[continual] (paper 7) Variational Continual Learning

Variational Continual Learning

Contents

1. Abstract
2. Introduction

0. Abstract

Variational Continual Learning

• VCL = (1) continual learning + (2) online VI + (3) Monte Carlo VI

• 두 가지에 적용 가능

  • 1) deep discriminative models
  • 2) deep generative models

1. Introduction

Bayesian Inference 요약

• distribution over model parameters

• new data arrive시, 기존의 data와 combine

  ( multiplying & renormalizing 함으로써 new posterior 계산)
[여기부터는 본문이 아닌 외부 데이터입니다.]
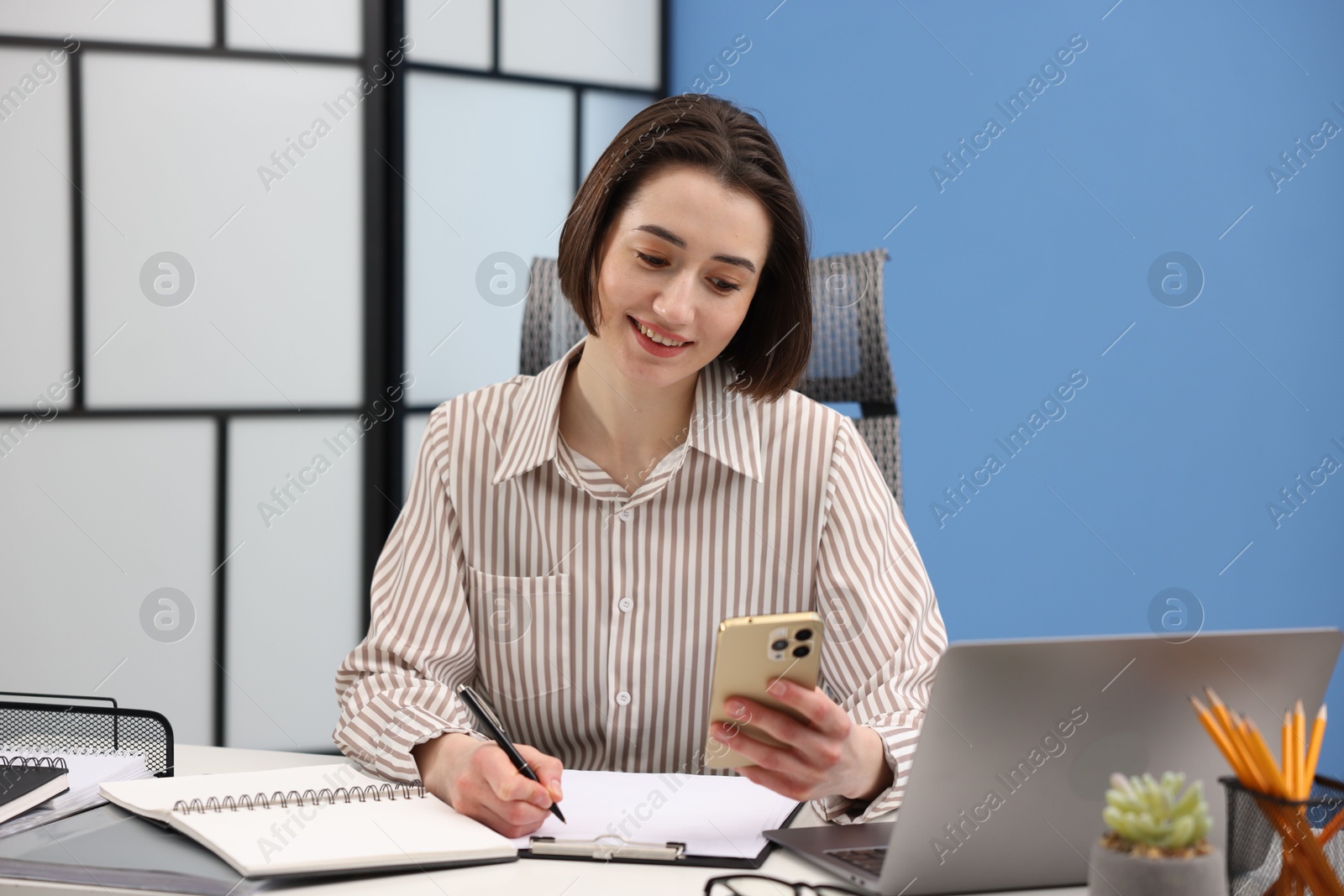 Photo of Smiling secretary using smartphone while working at table in office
• 하지만, exact Bayesian Inference는 불가능

  ( intractable…따라서 approximation이 필요함 )

따라서, 이 논문은 Continual learning에, Bayesian Inference를 적용하는데,

이를 위한 approximation으로 online VI & Monte Carlo VI 사용

2. Continual Learning by Approximated Bayesian Inference

Discriminative model : \(p(y \mid \boldsymbol{\theta}, \boldsymbol{x})\)

• prior : \(p(\boldsymbol{\theta})\)

• posterior = prior x likelihood :

  \(p\left(\boldsymbol{\theta} \mid \mathcal{D}_{1: T}\right) \propto p(\boldsymbol{\theta}) \prod_{t=1}^{T} \prod_{n_{t}=1}^{N_{t}} p\left(y_{t}^{\left(n_{t}\right)} \mid \boldsymbol{\theta}, \boldsymbol{x}_{t}^{\left(n_{t}\right)}\right)=p(\boldsymbol{\theta}) \prod_{t=1}^{T} p\left(\mathcal{D}_{t} \mid \boldsymbol{\theta}\right) \propto p\left(\boldsymbol{\theta} \mid \mathcal{D}_{1: T-1}\right) p\left(\mathcal{D}_{T} \mid \boldsymbol{\theta}\right)\).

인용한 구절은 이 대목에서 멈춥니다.